One is grotesque, never to be played again. When its Jewish former owner took it for repair in 1936, a craftsman defaced it inside with a crudely drawn swastika and cursive “heil hitler,” then sealed it up, leaving a sloppy drip of varnish on the inside. Discovered years later by an American luthier in Washington, D.C., it was nearly burnt to destroy the defiled instrument, but instead tours in this exhibit under strict conditions that it will never be played again. It had to be omitted from a recent tour of Germany due to strict laws against displaying the symbol.
Others are fun to the point of whimsy, such as one that is inlaid on the back with a Star of David in mother of pearl, which Avshalom said does not do the sound any favours, but testifies to its use in joyous Klezmer music, as if for dancing at a Jewish wedding in Europe in the 1930s.
Nearly a century later in Toronto, Edward Wu, 15, a student at Agincourt Collegiate Institute and at the Royal Conservatory of Music, played that violin for the students, but first he warmed up in an impromptu recital in the synagogue’s entrance hall. He played a violin concerto by Wolfgang Korngold, a Jewish Austrian former child prodigy who emigrated to America in the 1930s and was later a major Hollywood composer.
Korngold dedicated that piece to Alma Mahler, widow of Gustav, the famous composer and Korngold’s mentor. Mahler’s niece, Alma Rosé, who came to be known as “Frau Alma,” figured prominently in a story Avshalom told the gathered children about Violette Jacquet-Silberstein, born in Romania in 1925 to Jewish-Hungarian parents.
Violette’s mother said she should learn the violin because you never know when it might be useful, and so she did, but was not very good. Later in Auschwitz, separated from her parents whom she would never see again, she auditioned for the Women’s Orchestra under Frau Alma’s leadership, barely making the cut, but benefitting all the same from easier conditions given to musicians. As the war neared a close and retreating Germans prepared to move prisoners of Auschwitz to Bergen-Belsen, Frau Alma saved Violette’s life by falsely telling a guard he could not hurt her because she was her finest violinist.

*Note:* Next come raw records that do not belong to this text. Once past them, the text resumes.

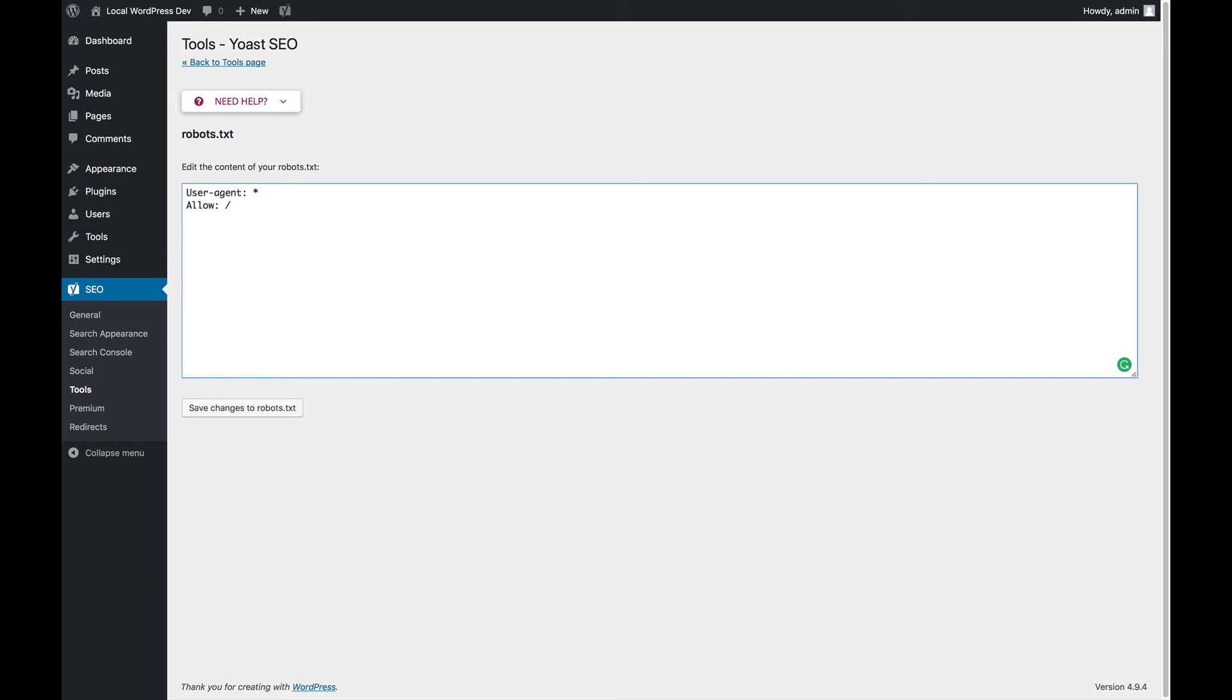With this file as well, don't do anything if you don't know what you're doing. In fact, even if you don't have a robots.txt file, you're absolutely fine. Only mess with these if you know how a robots.txt file works.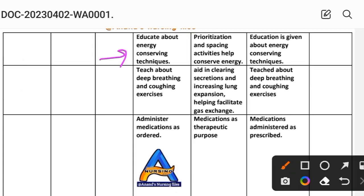Intervention 9: Educate about energy-conserving techniques. Rationale: prioritization and spacing of activities help conserve energy. Implementation: education given about energy-conserving techniques. Intervention 10: Teach about deep breathing and coughing exercises. Rationale: aids in clearing secretions and increases lung expansion, facilitating gas exchange. Implementation: teach deep breathing and coughing exercises.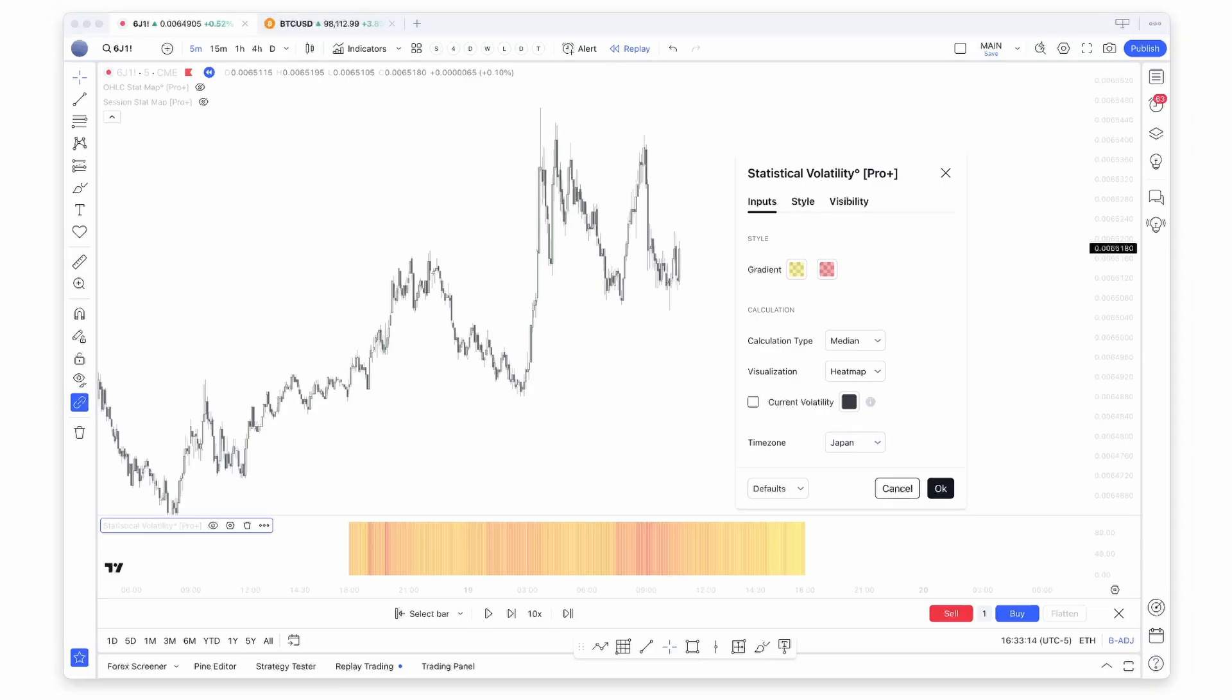This wraps up this breakdown of this new update to the StatMap indicators. I hope you liked it. If you have any questions, please let me know, and see you next time.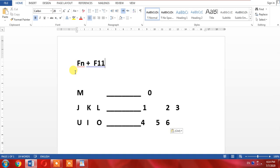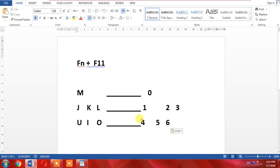Then after that you will use M for typing 0, JKL for typing 1-2-3 respectively, and then UIO for typing 4-5-6. You can type 8-9-10 from regular number buttons.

Her violin is on display, made by Jerome Thibouville in France around the turn of the century. It has been refurbished and strung, but Violette never played it again after liberation, which is common among concentration camp musicians who were no longer forced to play to survive.
Several Toronto elementary schools have toured the exhibit recently on field trips. Last Thursday, one class listened to Rita Starkman, whose birth in 1941 makes her one of the youngest living Holocaust survivors. She told them her harrowing story of being given over as an infant to people her parents hoped could keep her safe, but how she was left on a train, which led to adoption by a Polish Catholic woman, and eventually to a traumatic reunion with her birth parents who tried to claim her back. Returned to them by a court, she grew up in Canada and like many survivors has had the poignant experience of returning as an adult to Poland and to the people who once cared for her.
The school tours also did a scavenger hunt for details in the exhibit, and participated by adding a card to a wall under the banner “I HOPE FOR:” A few were cheeky, such as the student who wrote “me and my mom to get the Bruse spring-steen tickets.” But wishes for peace were overwhelming.
The students were invited to reflect with these words by Rabbi Levi Gansburg: “If we can remember that we are all connected, each representing a part of the greater unity in our universe, then we can truly respect one another, in how we speak to one another and how we treat each other’s possessions. Let us cherish our families, choose kindness over harm, and extend our respect to all living beings, including animal life. May we also find the strength to uphold and respect the rule of law, so that our society may flourish in harmony and integrity, and never again should any group endure the unimaginable pain of events like the Holocaust.”